Investment Appraisal Flashcards
Investment appraisal
Investment appraisal describes how a business might evaluate an investment project to determine whether it’s likely to be profitable or not. 
Average Rate of Return (ARR)
Net return (profit) per annum/capital outlay (cost) x 100 (%)
Advantages and Disadvantages of ARR
A: Shows the profitability of an investment in annual percentage terms so other investments can be compared to it.
D: averaging data masks opportunity costs, so ARR provides oversimplified results. 
Criterion Levels
This is the boundary between acceptable and unacceptable investment proposals. 

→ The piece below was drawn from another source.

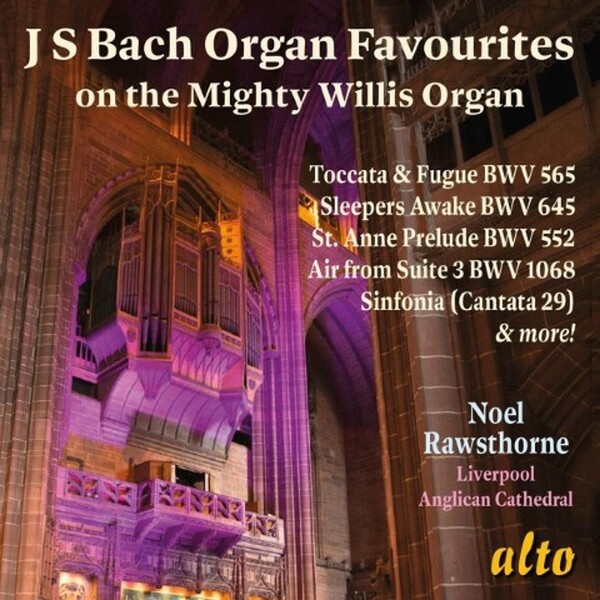 J S Bach Organ Favourites On The Mighty Willis Organ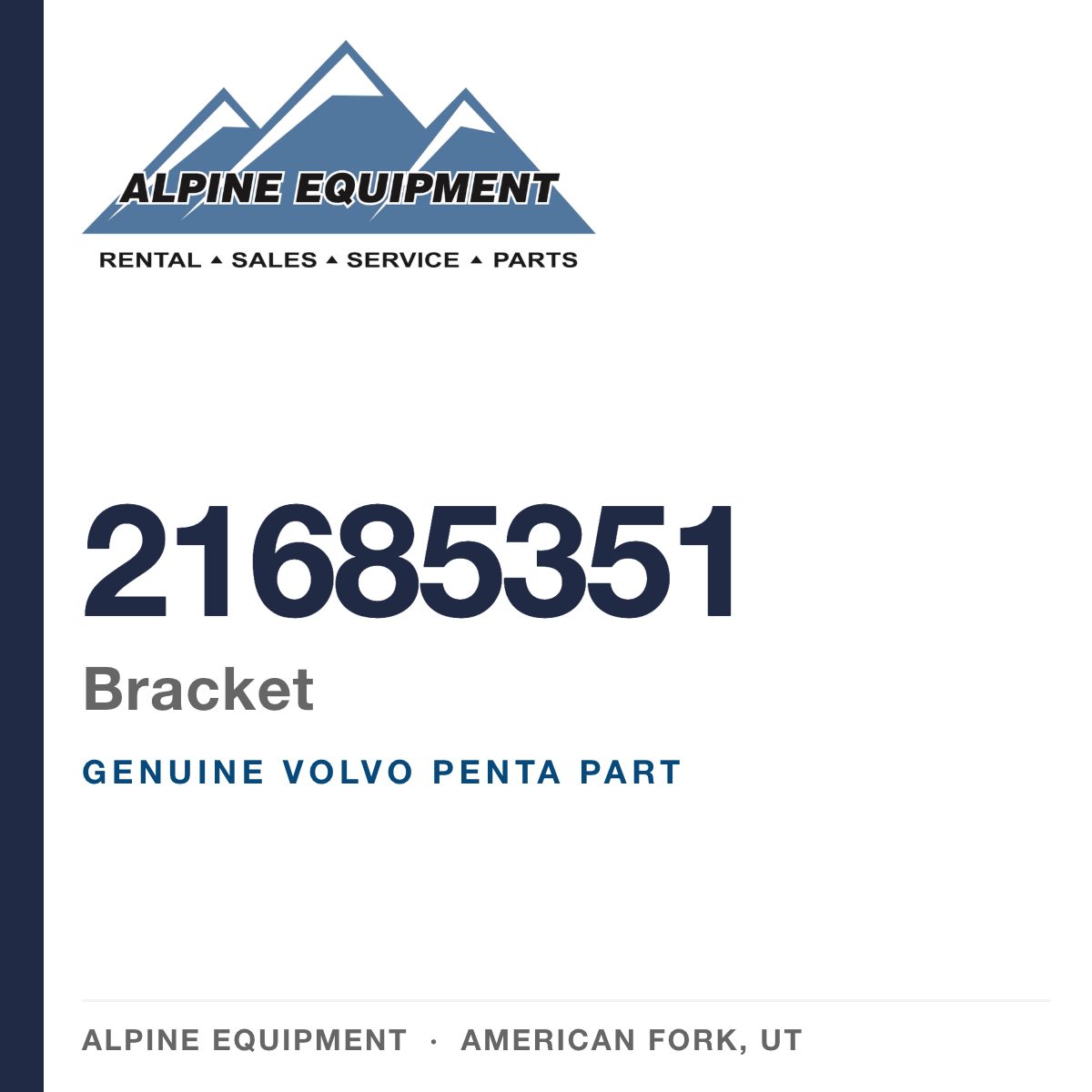 Volvo Penta 21685351 Bracket — genuine part from Alpine Equipment, American Fork UT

Advantages and disadvantages of criterion levels
A: helps avoid wasting time and work into something the board won’t accept.
D: Easy to manipulate figures to boost ARR
Discount Factor
This is the rate of interest chosen to represent the company’s cost of capital.
Advantages and Disadvantages of discount factor
A: it discounts progressively over time, taking full allowance of opportunity of cost time.
D: makes data too complex for most staff to understand.
Discounted cash flow
Downgrading future cash flows progressively over time to allow for time value of money. Each year is forecast net cash flow is multiplied by a discount factor (less than 1%)
Advantages and Disadvantages of discounted cash flow
A: takes into account opportunity cost of capital.
D: requires good guess about future interest rates.